Animals and humans with type 2 diabetes show a low percentage of high-oxidative fibers and a high percentage of low-oxidative fibers in skeletal muscles; a high percentage of low-oxidative fibers, especially type IIB fibers, was observed in the vastus lateralis muscles of patients with type 2 diabetes (Gaster et al. 2001, Märin et al. 1994, Nyholm et al. 1997, Oberbach et al. 2006). Obese Zucker rats with type 2 diabetes had a lower percentage of high-oxidative fibers in the soleus muscle than nonobese Zucker rats without type 2 diabetes, whereas obese Zucker rats without type 2 diabetes had a normal fiber type distribution (Adachi et al. 2007). The altered percentages in skeletal muscles are directly linked to blood glucose levels, but not to insulin levels or body weight, because the growth-related increase in blood glucose levels in rats with type 2 diabetes paralleled the increased percentage of low-oxidative type I fibers in the soleus muscle (Yasuda et al. 2002). Thus, the altered patterns of fiber types in the skeletal muscles of rats with type 2 diabetes are tightly linked to impaired glucose metabolism.

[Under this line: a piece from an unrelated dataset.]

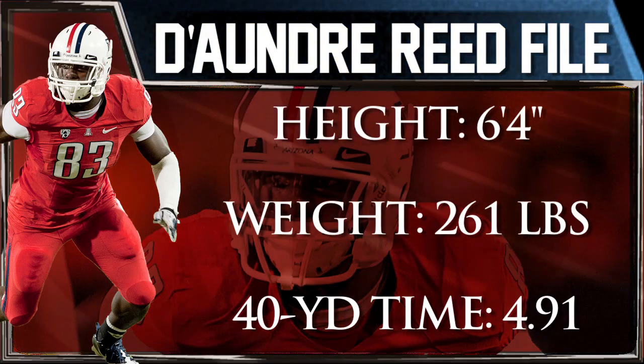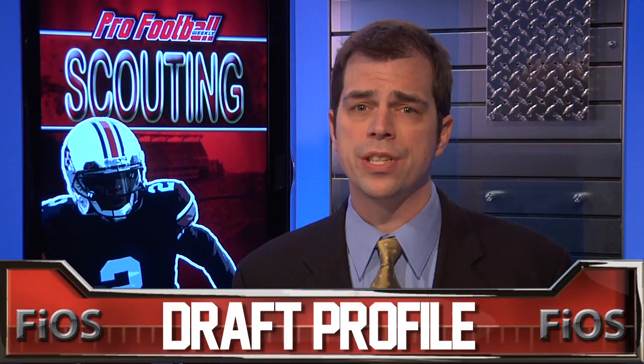However, Reid is still raw and he has only average eyes and instincts. He lacks natural pass rush skills, has below average speed, and he's had minimal production in college.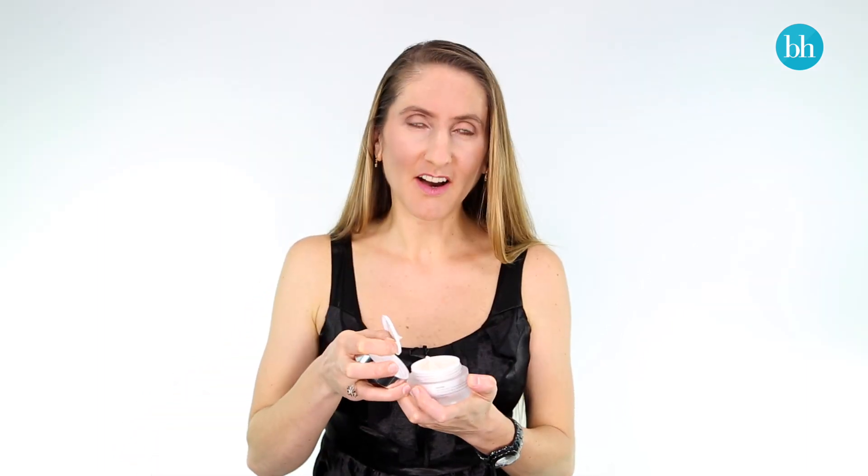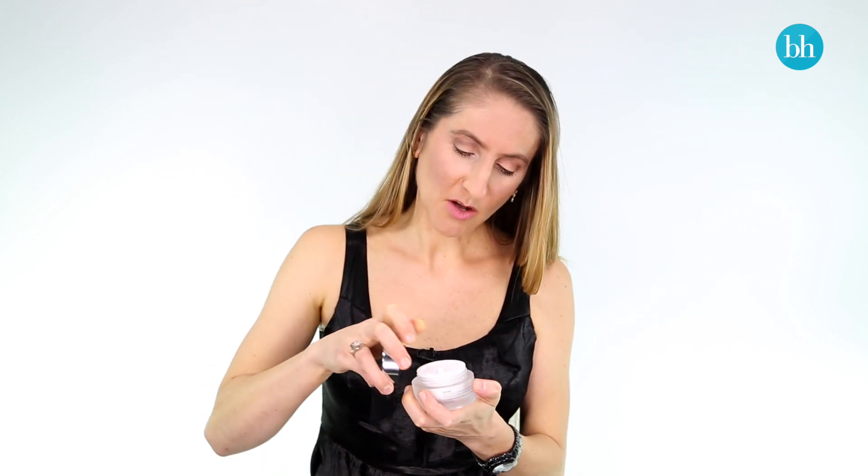It's a nice rich thick cream but it's really easy to spread, which is great because I don't like things that pull on my skin. It's mystery and romance in the jar — that's how I would describe it: sweet and subtle.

Voluntary running exercise inhibited the type shift from high-oxidative fibers to low-oxidative fibers in the plantaris muscle of diabetic GK rats (Fig. 6C). Inhibition of the fiber type shift induced by voluntary running exercise is thought to be due to enhanced oxidative metabolism in cells and tissues. However, we did not elucidate the reason why the diabetes-induced alteration in fiber type distribution was shifted to normal in the fast plantaris muscle, but not in the slow soleus muscle, by voluntary running exercise.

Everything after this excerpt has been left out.